[AIM OF THE EXERCISE] Retype all data exactly as given. Pictures should not be retyped.

[GIVEN INFORMATION]
....

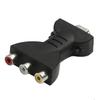 CAXUSD Av Converter Quick Install Adapter No Software Black Universal A/v Adapter view 1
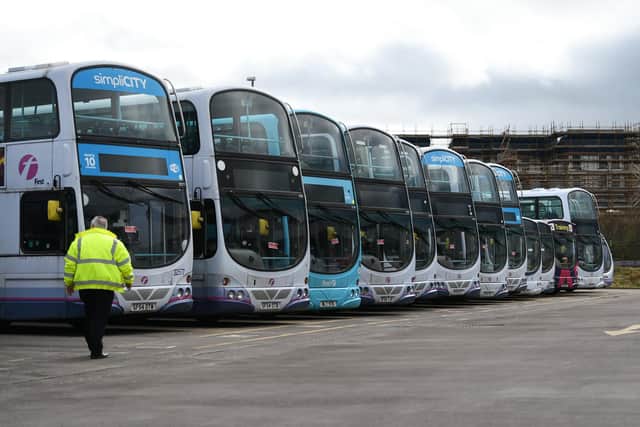 The First Bus operation forms a major part of Aberdeen-headquartered transport giant FirstGroup. Picture: John Devlin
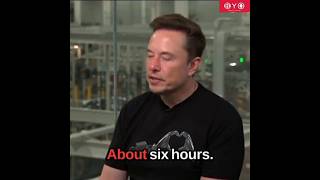 Elon Musk: I Sleep About Six Hour a Day #elonmusk #tesla #spacex #neuralink #grokai #terafab #xai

....

[ANSWER TO THIS TASK]
 CAXUSD Av Converter Quick Install Adapter No Software Black Universal A/v Adapter view 1
 The First Bus operation forms a major part of Aberdeen-headquartered transport giant FirstGroup. Picture: John Devlin
 Elon Musk: I Sleep About Six Hour a Day #elonmusk #tesla #spacex #neuralink #grokai #terafab #xai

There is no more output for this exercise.